Task instructions:
Where pictures appear, omit them, and copy exactly only the lines from the start of the listing through the line containing "Deutsch | Dynalab", both included.

Source material:
= Beginning of Section =

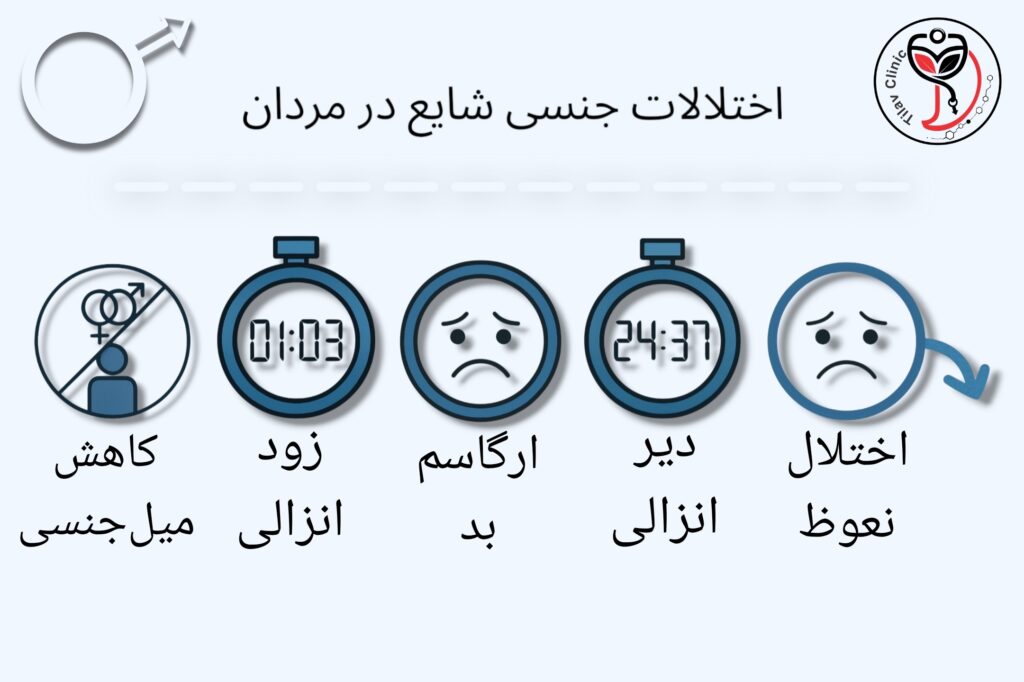 اختلالات جنسی شایع در مردان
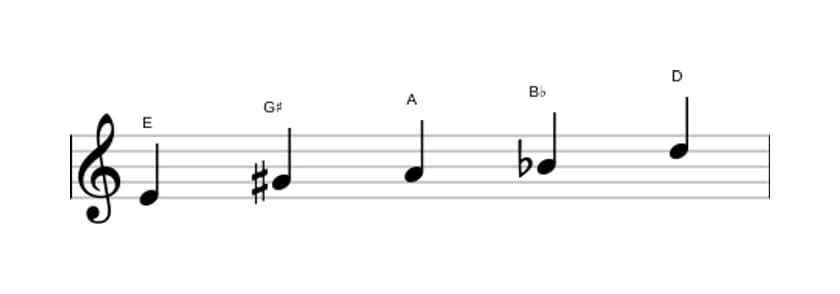 Bladmuziek van de E Napolitaans pentatonisch majeur toonladder in drie octaven (4)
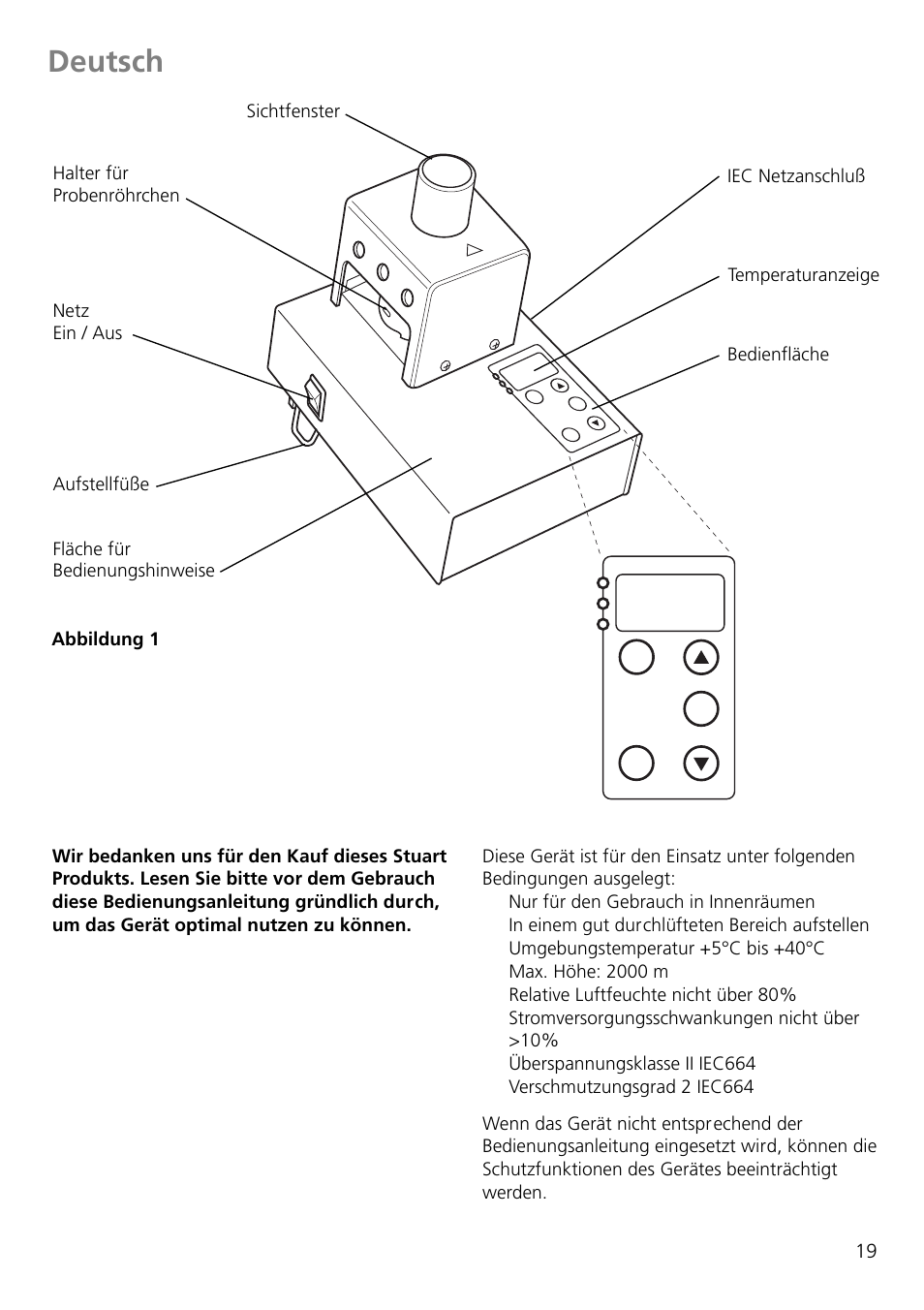 Deutsch | Dynalab SMP10/120V/60 User Manual | Page 21 / 28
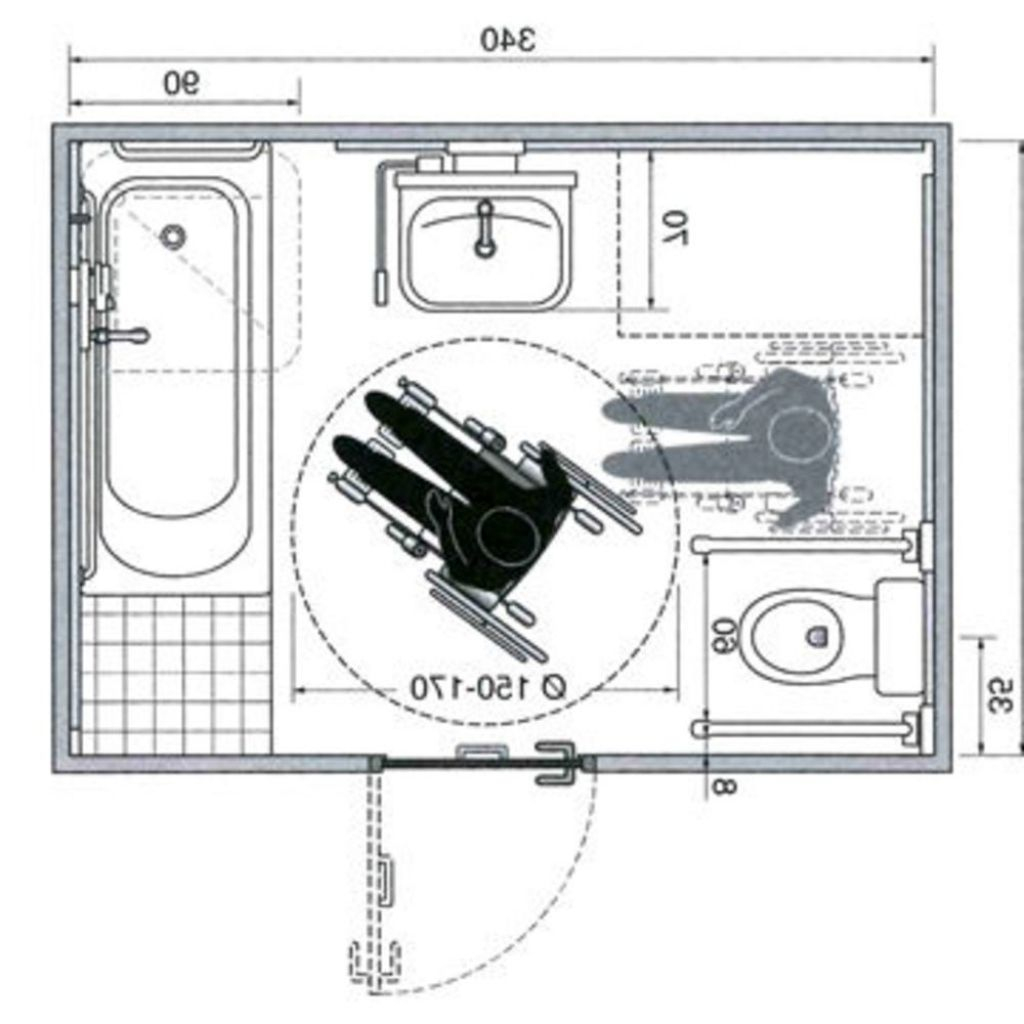 Salle De Bain Handicape Dimensions | Bright Shadow Online intérieur Salle De Bain Handicapé Norme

= End of Section =

Solution below:
 اختلالات جنسی شایع در مردان
 Bladmuziek van de E Napolitaans pentatonisch majeur toonladder in drie octaven (4)
 Deutsch | Dynalab SMP10/120V/60 User Manual | Page 21 / 28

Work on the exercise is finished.